__Your assignment__
All of the data should be output character for character, except the pictures.

__Information shown__

━━━━

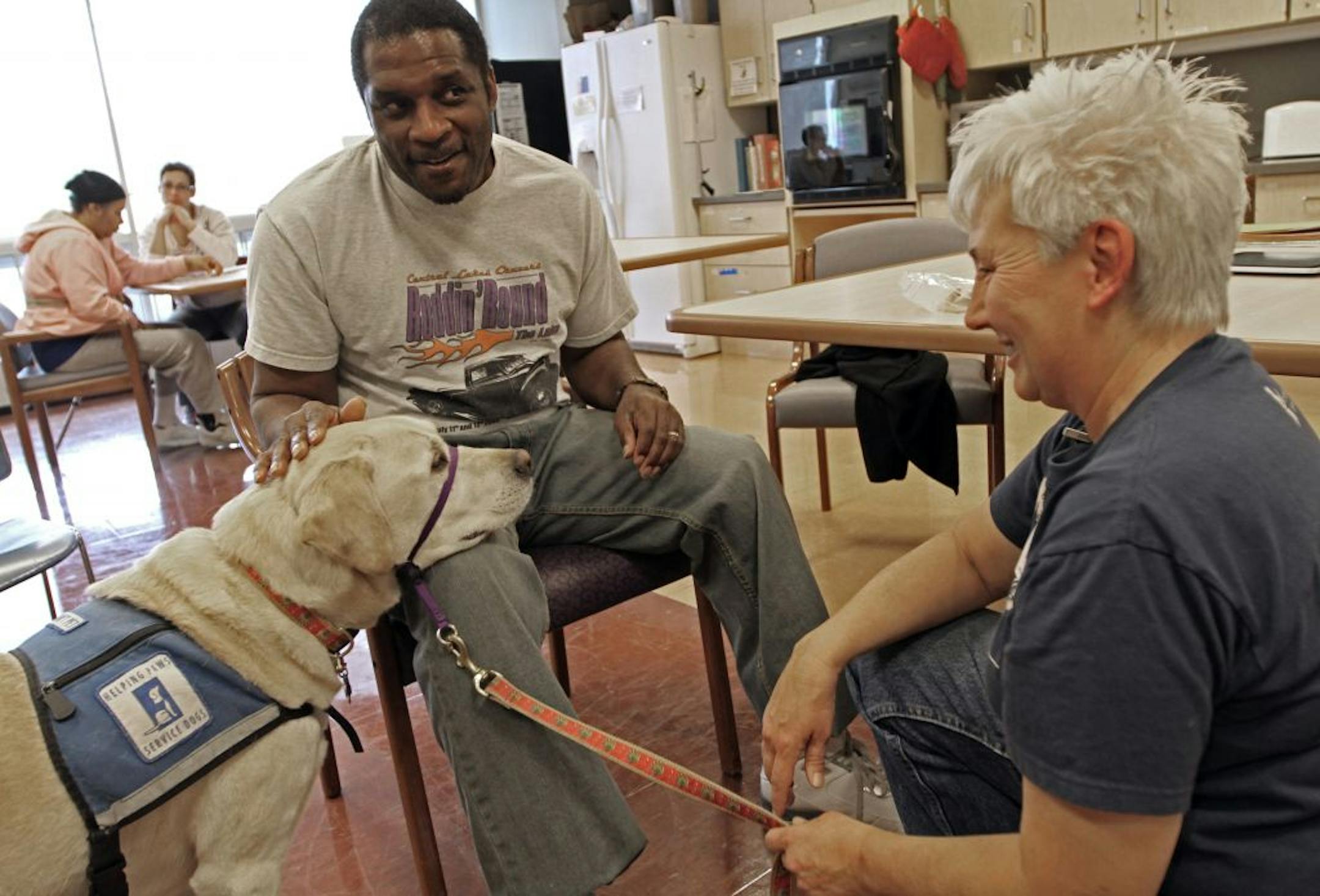 (left to right) Hudy the dog met with Courage Center patient Kevin Walton as handler Liz Louis looked on, at the Courage Center in Golden Valley on 11/8/12. Hudy is a multi-tasking canine as he helps with rehab at the Courage Center and has the role of Sandy in the Lyric Arts theater's production of "Annie."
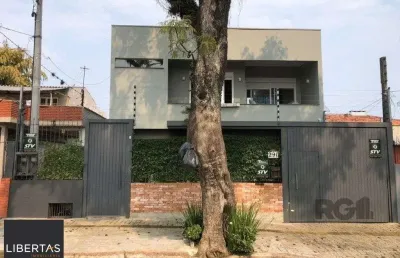 Casa com 4 quartos à venda na Rua Menezes Paredes, 290, Nonoai, Porto Alegre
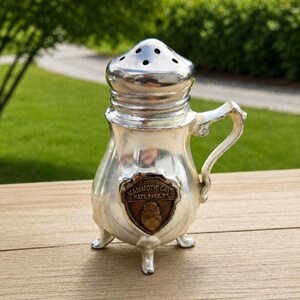 May include: A silver-toned metal shaker with a perforated dome lid, a curved handle, and three small feet. A bronze-colored shield emblem is attached to the front, featuring the embossed text MAMMOTH CAVE NATL PARX KY and a central graphic.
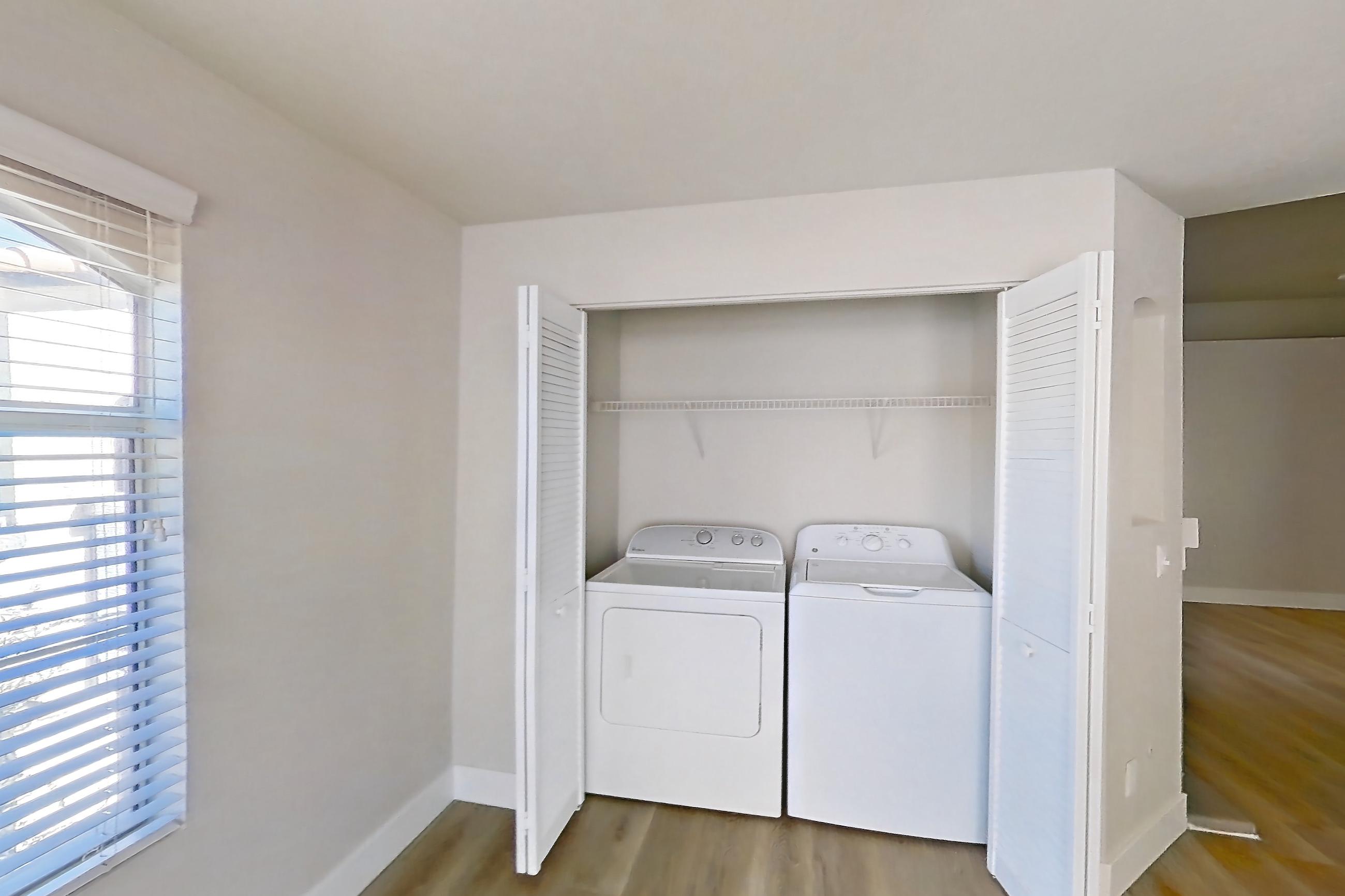 Dining room with in-unit laundry, light countertops, light wood-finish flooring, refrigerator, and stainless steel appliances, Apartment 2077 at Vintage Pointe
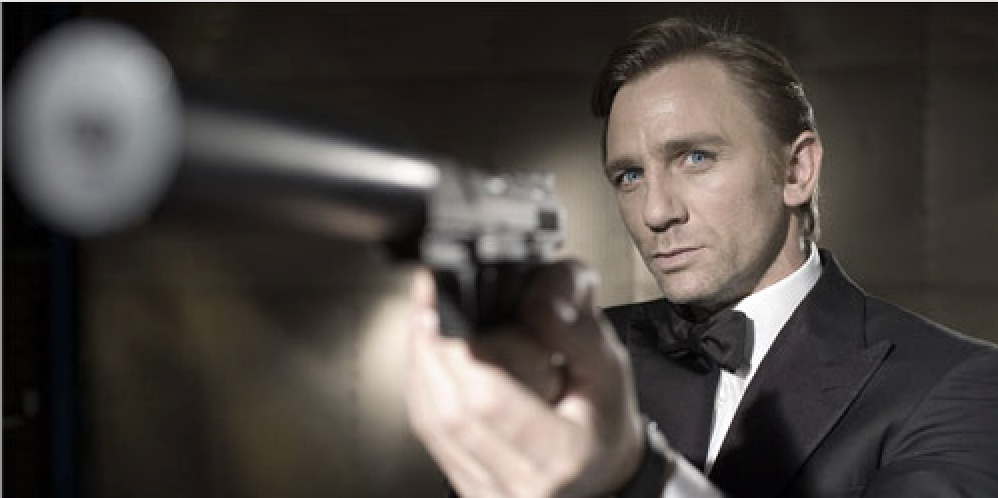 Daniel Craig, in a tux as James Bond, points a gun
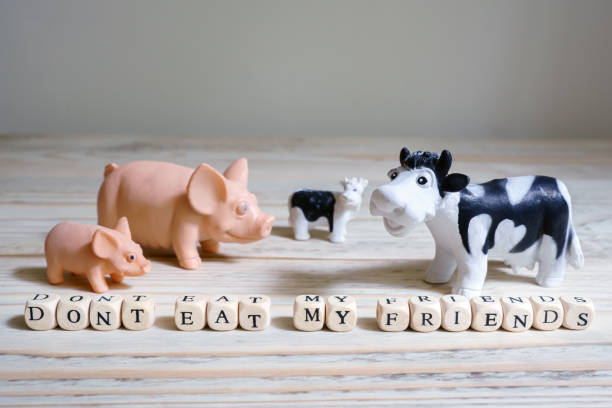 "Don't eat my friends" inscription and toy pigs and cows cattle animals "Don't eat my friends" inscription and toy pigs and cows cattle animals. Vegan, vegetarianism, animal welfare, conscious consumption concept dont eat meat stock pictures, royalty-free photos & images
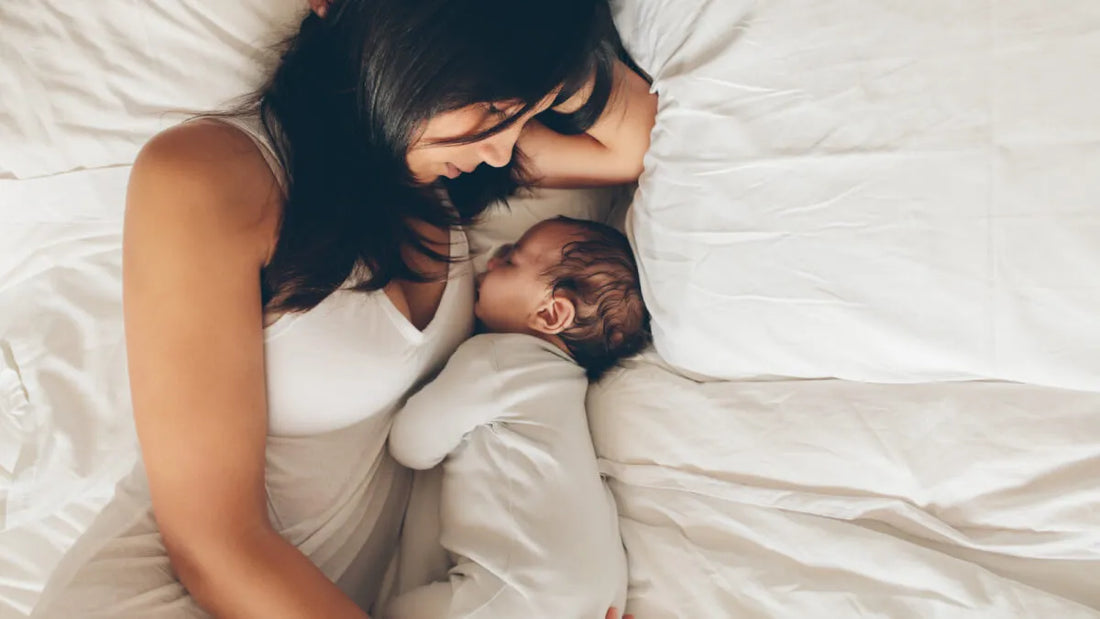 New mother resting at home with her newborn in the early postpartum period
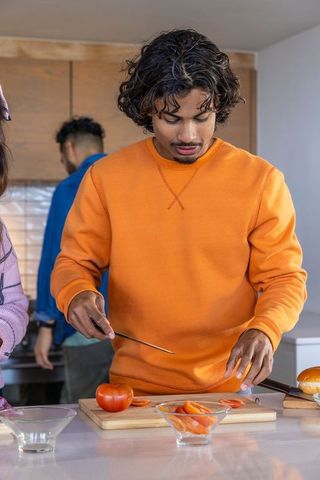 Multicultural friends preparing fresh tomatoes in modern kitchen while man slices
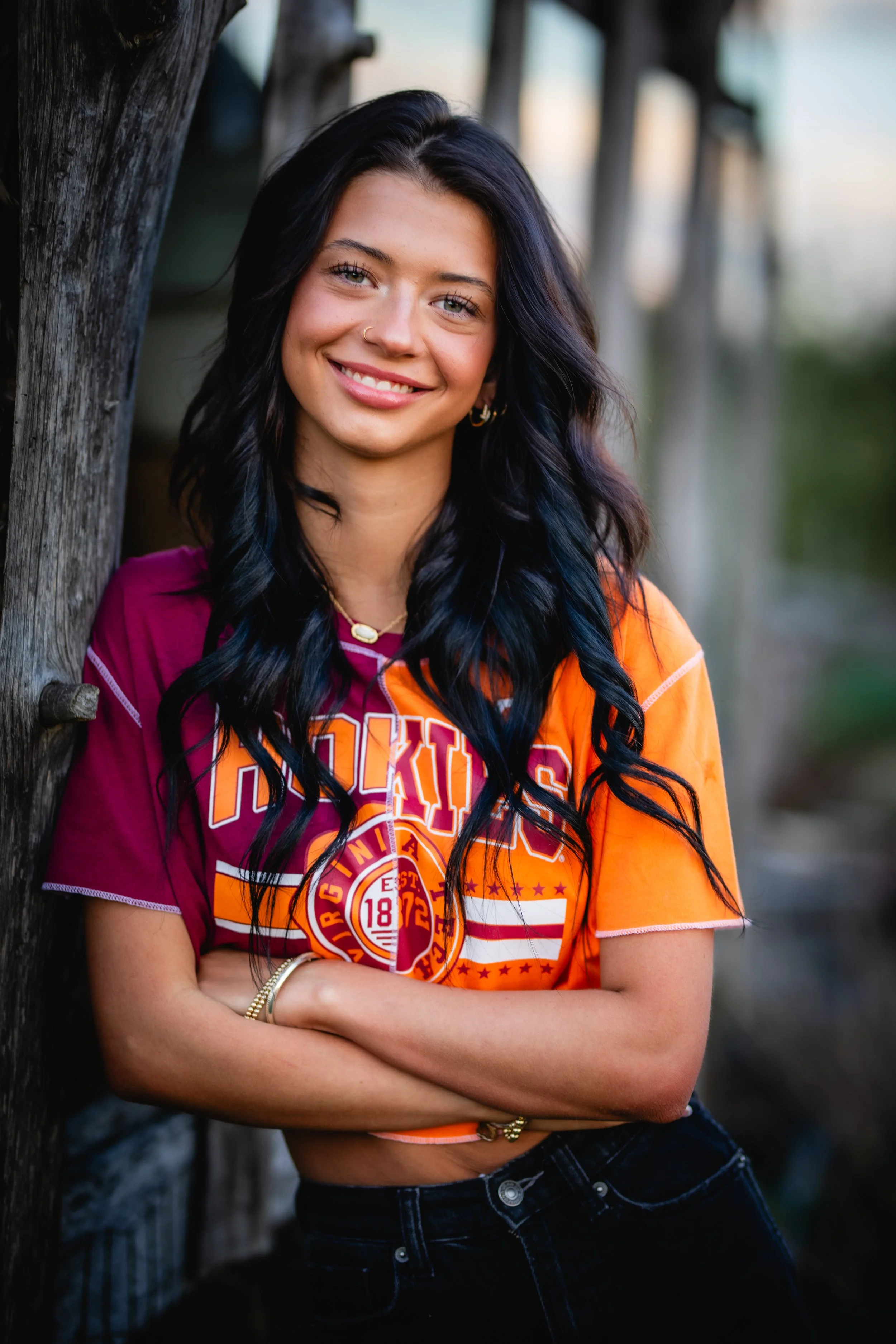 A young woman with long dark wavy hair, wearing a colorful college sports shirt with orange, purple, and white colors, is leaning against a tree outdoors and smiling at the camera.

━━━━

__Solution to this exercise__
 (left to right) Hudy the dog met with Courage Center patient Kevin Walton as handler Liz Louis looked on, at the Courage Center in Golden Valley on 11/8/12. Hudy is a multi-tasking canine as he helps with rehab at the Courage Center and has the role of Sandy in the Lyric Arts theater's production of "Annie."
 Casa com 4 quartos à venda na Rua Menezes Paredes, 290, Nonoai, Porto Alegre
 May include: A silver-toned metal shaker with a perforated dome lid, a curved handle, and three small feet. A bronze-colored shield emblem is attached to the front, featuring the embossed text MAMMOTH CAVE NATL PARX KY and a central graphic.
 Dining room with in-unit laundry, light countertops, light wood-finish flooring, refrigerator, and stainless steel appliances, Apartment 2077 at Vintage Pointe
 Daniel Craig, in a tux as James Bond, points a gun
 "Don't eat my friends" inscription and toy pigs and cows cattle animals "Don't eat my friends" inscription and toy pigs and cows cattle animals. Vegan, vegetarianism, animal welfare, conscious consumption concept dont eat meat stock pictures, royalty-free photos & images
 New mother resting at home with her newborn in the early postpartum period
 Multicultural friends preparing fresh tomatoes in modern kitchen while man slices
 A young woman with long dark wavy hair, wearing a colorful college sports shirt with orange, purple, and white colors, is leaning against a tree outdoors and smiling at the camera.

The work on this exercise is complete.